Note that the term on the left describes the cosine of the angle $\theta^{t+1}$ between $\mathbf x^{t+1}$ and $\sum \mathbf y_i$. Similarly, the first term inside brackets on the right denotes $\cos \theta^t$ $$\cos \theta^{t+1} = \frac{\|\mathbf x^t\|}{\|\mathbf x^{t+1}\|}\left[\cos\theta^t - \frac{\eta J^2}{\|\mathbf x^t\|c\sqrt c}\sum_i{\exp(\mathbf y_i^T\mathbf x)}\right]$$ Because $\frac{\|\mathbf x^t\|}{\|\mathbf x^{t+1}\|} < 1$ since $\|\mathbf x\|$ grows, and the update term is always positive, we have $$\cos \theta^{t+1}<\cos\theta^t$$ which implies that $$\lim_{\mathbf y_i^T\mathbf x\to-\infty} \frac{\sum_i\mathbf y_i^T}{\sqrt c}\cdot\frac{\mathbf x}{\|\mathbf x\|} = \lim_{t\to\infty}\cos\theta^t=-1 $$


Note that it can be concluded from the above arguments that if $\|\mathbf x\|$ is small the angles decrease faster.
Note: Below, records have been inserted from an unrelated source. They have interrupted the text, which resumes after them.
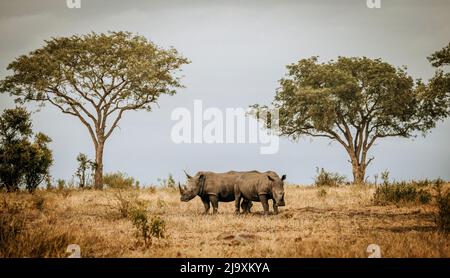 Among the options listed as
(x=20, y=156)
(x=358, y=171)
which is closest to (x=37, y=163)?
(x=20, y=156)

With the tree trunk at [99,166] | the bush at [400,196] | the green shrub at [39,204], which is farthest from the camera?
the tree trunk at [99,166]

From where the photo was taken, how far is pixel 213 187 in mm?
16500

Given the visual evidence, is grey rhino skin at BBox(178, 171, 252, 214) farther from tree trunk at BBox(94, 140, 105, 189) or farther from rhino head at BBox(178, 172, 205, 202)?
tree trunk at BBox(94, 140, 105, 189)

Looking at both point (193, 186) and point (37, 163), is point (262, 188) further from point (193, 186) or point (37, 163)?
point (37, 163)

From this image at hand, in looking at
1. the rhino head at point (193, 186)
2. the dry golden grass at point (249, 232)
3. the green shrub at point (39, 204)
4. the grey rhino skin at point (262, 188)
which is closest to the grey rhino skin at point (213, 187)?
the rhino head at point (193, 186)

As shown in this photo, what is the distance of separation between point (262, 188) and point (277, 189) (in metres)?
0.46

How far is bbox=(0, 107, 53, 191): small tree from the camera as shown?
26.3 m

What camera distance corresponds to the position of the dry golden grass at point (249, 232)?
30.0ft

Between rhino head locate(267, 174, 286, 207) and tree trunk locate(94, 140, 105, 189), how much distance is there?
18.5 m

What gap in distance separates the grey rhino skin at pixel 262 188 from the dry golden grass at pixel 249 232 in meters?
0.50

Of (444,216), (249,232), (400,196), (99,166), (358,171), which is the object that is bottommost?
(249,232)

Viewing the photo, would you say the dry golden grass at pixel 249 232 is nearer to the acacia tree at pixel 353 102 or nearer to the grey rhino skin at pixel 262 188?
the grey rhino skin at pixel 262 188

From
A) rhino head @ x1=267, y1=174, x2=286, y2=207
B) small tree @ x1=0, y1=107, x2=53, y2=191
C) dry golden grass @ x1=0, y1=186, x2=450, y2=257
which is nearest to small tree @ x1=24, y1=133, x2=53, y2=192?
small tree @ x1=0, y1=107, x2=53, y2=191

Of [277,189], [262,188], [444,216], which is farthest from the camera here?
[262,188] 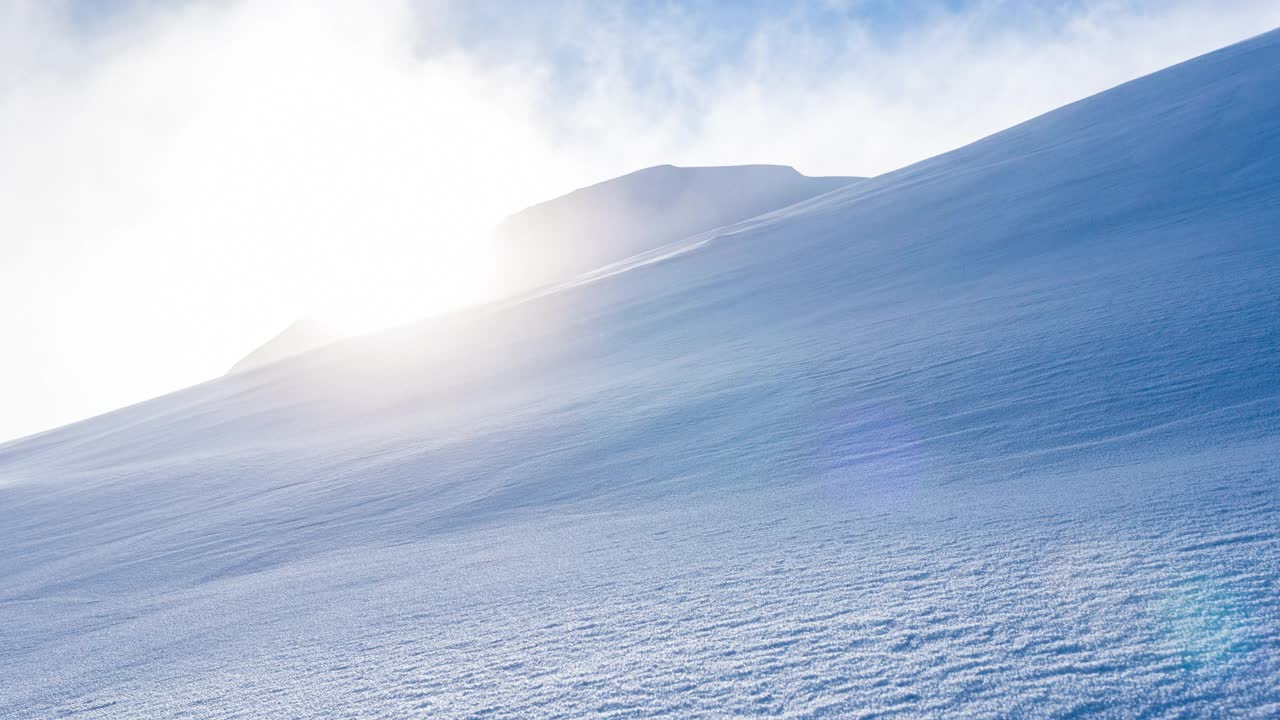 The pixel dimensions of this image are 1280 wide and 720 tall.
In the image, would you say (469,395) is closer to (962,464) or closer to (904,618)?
(962,464)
If it is fixed to $k$, we have a projected GD (PGD) on the $k$-hypersphere. In that case, PGD will oscillate around the optimal alignment with the intensity of such oscillation determined by the choice of $\eta$ and $k$.